Notwithstanding that, the priority should surely be to have a balance in industrial relations provisions of legislation. I was very pleased when, at Second Reading, the Minister referred in her remarks opening the debate to the question of picketing, and said:
“The Bill also makes an obligation of the appointment of a picket supervisor. This requirement is already in the code of picketing, which has been followed without difficulty on many occasions by many unions”.—[Official Report, 11/1/16; col. 14.]
Concluding the Second Reading debate, very late at night, just after 10.45 pm, she referred to it again, saying:
“We are also comfortable with the measures on picketing, which are designed to make it clear to the police and the employer both where a picket is taking place and whom the police or an employer should contact. These are reasonable steps to ensure that pickets pass off peacefully”.—[Official Report, 11/1/16; col. 126.]

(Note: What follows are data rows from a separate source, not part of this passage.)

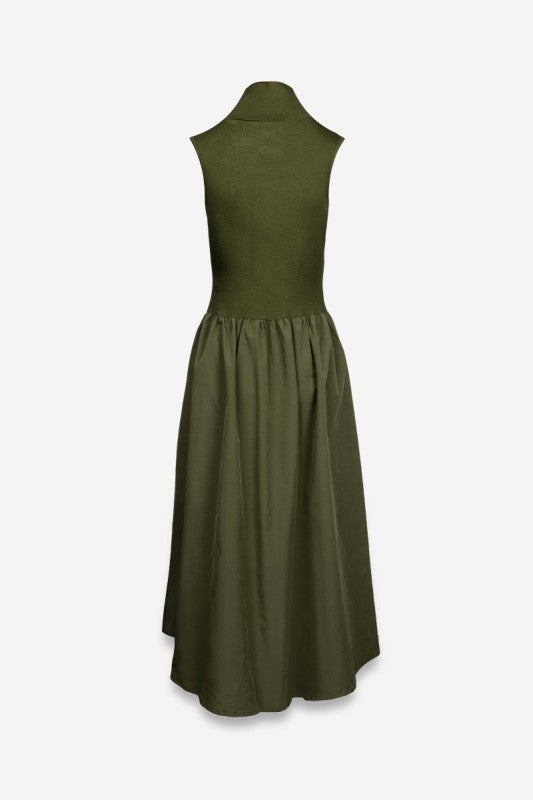 OLIVIA SLEEVELESS MOCKNECK DRESS - OLIVE GROVE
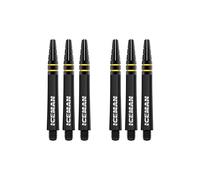 RED DRAGON Gerwyn Price Nitrotech - Aste per freccette intermedie nere e dorate, 2 set per confezione (6 aste in totale)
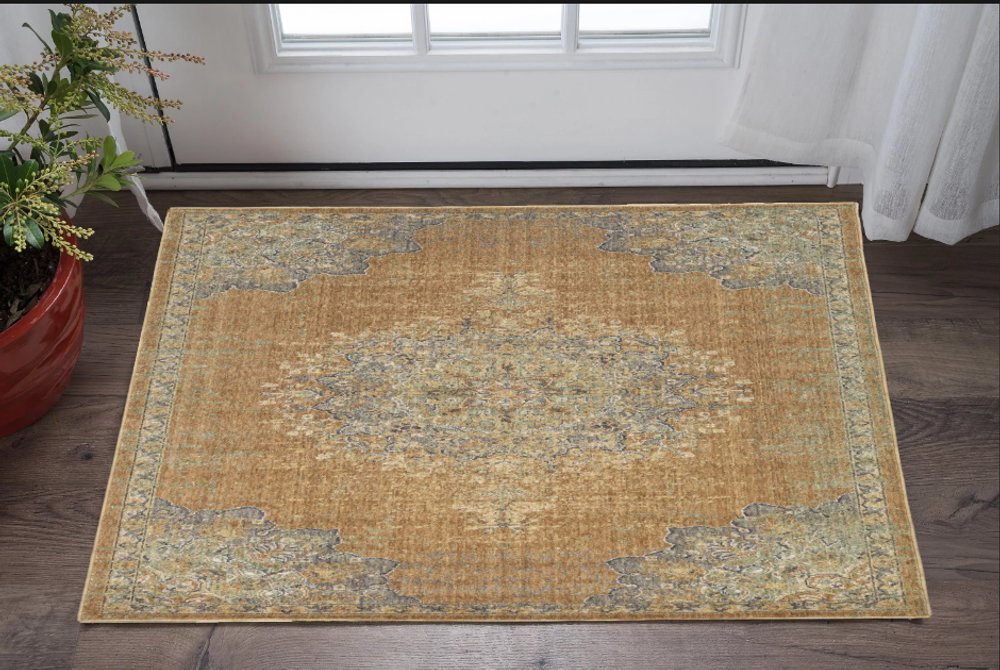 2' X 3' Brown And Gray Wool Medallion Area Rug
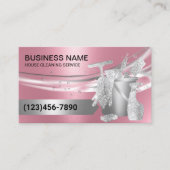 House Cleaning Housekeeping Service Modern Pink Visitekaartje (Voorkant)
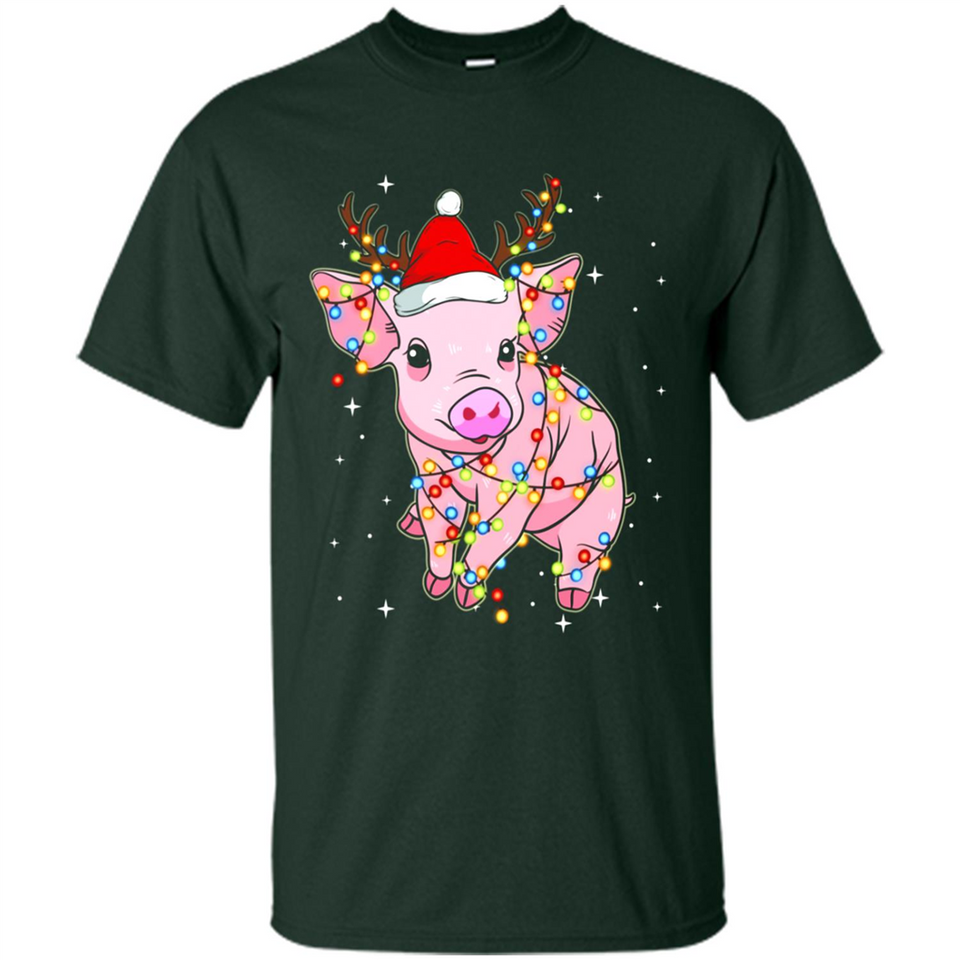 Christmas Lights Pig Wearing Santa Hat Funny Xmas - Shirt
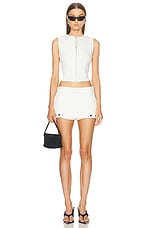 SER.O.YA Alix Stretch Denim Skort in White, view 5, click to view large image.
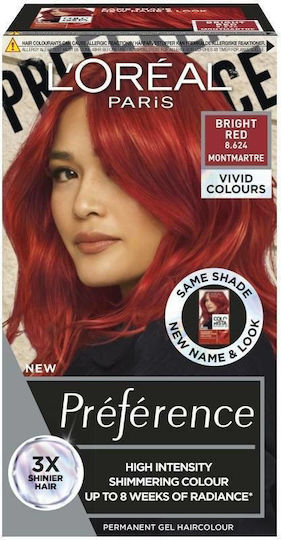L'Oreal Paris Préférence Vivid Colors Haarfärbemittel 8.624 Helles Rot 100ml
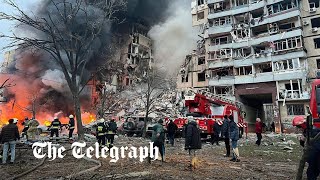 Dnipro Ukraine At least five people killed after Russian missile hits residential building [upl. by Carmelo]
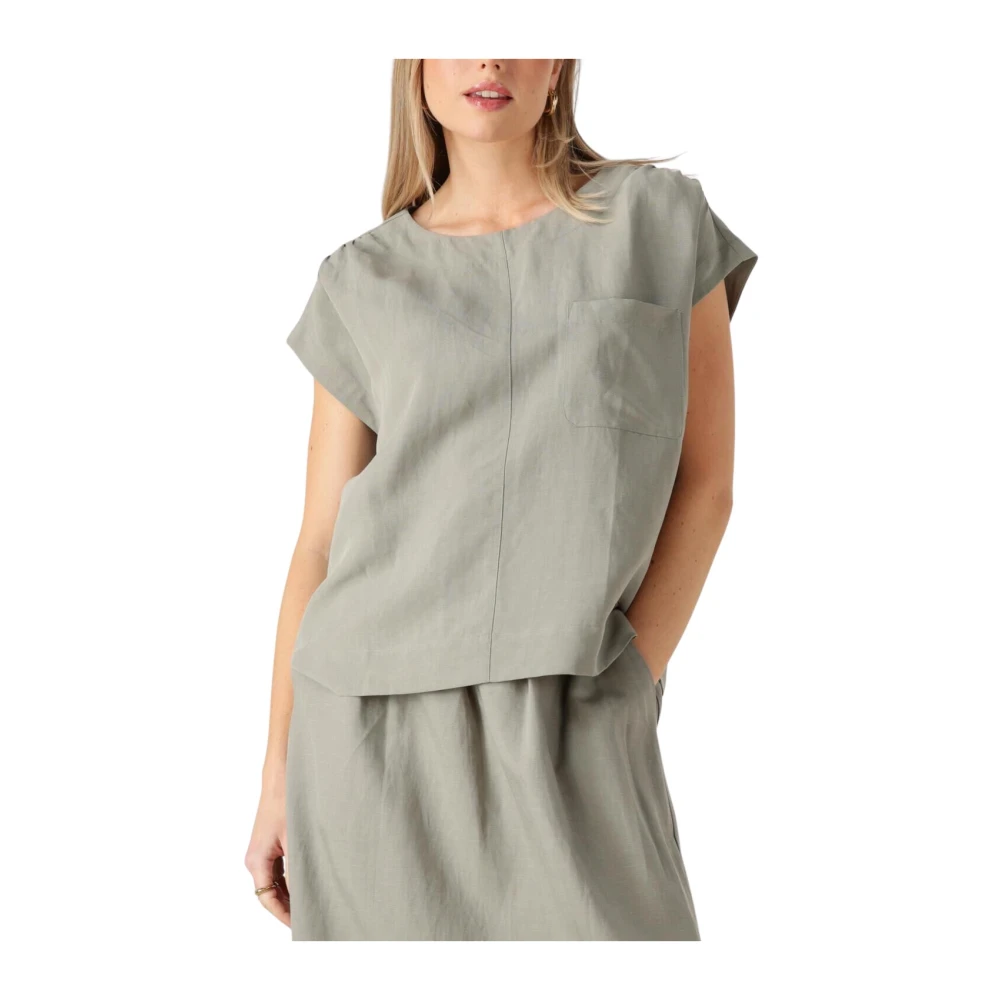 MOS MOSH Khaki Alexis Blouse veelzijdig en stijlvol Green Dames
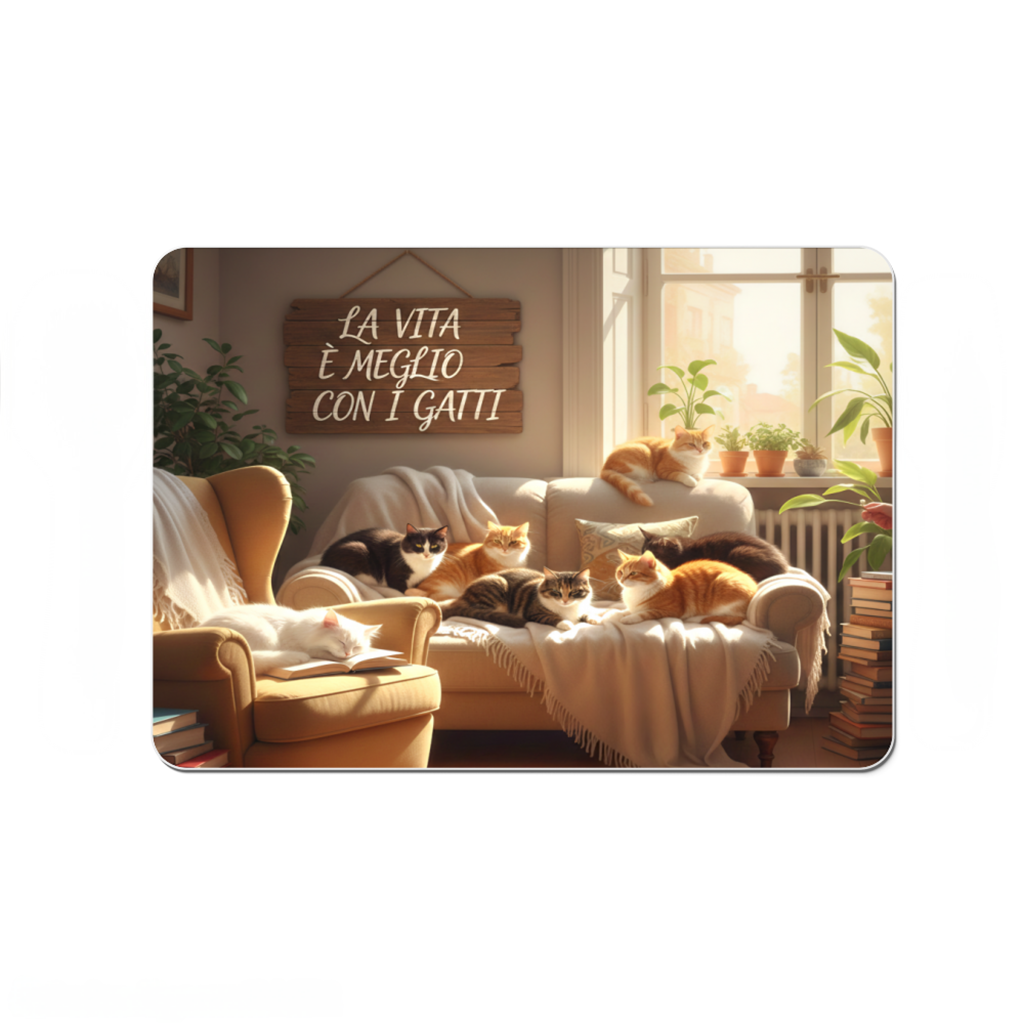 Tovaglietta in Sughero "La Vita è Meglio con i Gatti" (28x40 cm)
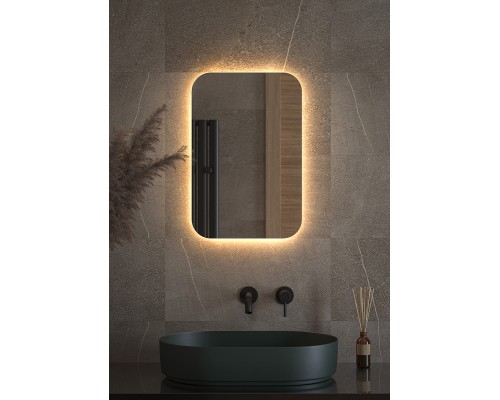 Зеркало Defesto Opti 40x60 с подсветкой 17W-3000К/Без выключателя/Теплый белый свет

The difference between those two quotations is, of course, the absence of any reference to the code. That might have been acceptable, except that the clause includes 10 subsections at least half of which are just an irritant to union and employer procedures in dealing with these difficult subjects.
If industrial action has been called and a strike is looming, or things are getting difficult, already, the temperature has risen. To have detailed measures about the individual behaviour of pickets—most of whom, according to the police, have behaved very well in the examples we have over the past 20 years since the period of unusual unrest before that—is putting oil on the fire and raising the temperature still further. Surely that cannot be right.
The Minister has been accommodating and forthcoming in Committee both on Monday and today, saying that she will give careful thought to lots of suggestions made in amendments, allowing us to have no Divisions so far and clauses to go through. I hope that she will be able to give such an undertaking in respect of this very important clause and the procedures on picketing.
My Lords, I have listened very carefully to noble Lords who have spoken in favour of these amendments. I am slightly at a loss to know what their complaints are. It seems that everybody who has spoken so far supports the picketing code, which has been reasonably successful for more than 20 years now. I hope that nobody supports the kind of tactics and behaviour outlined by my noble friend Lord De Mauley. I think that we, on this side of the House, also accept that the vast majority of union picketing operations abide by the code—but not all, as my noble friend outlined. So what can be the complaint from people who support the code and who agree that it amounts to responsible picketing? What can be the complaint about incorporating some, but not all, of those provisions in statute?
There are one or two isolated examples, still taking place, of disgraceful intimidation of those who want to go about their lawful business. It seems right that the provisions which have worked successfully for the vast majority of responsible unions should be enforced in statute for the small minority of irresponsible unions. All the proposers have spoken in favour of the code.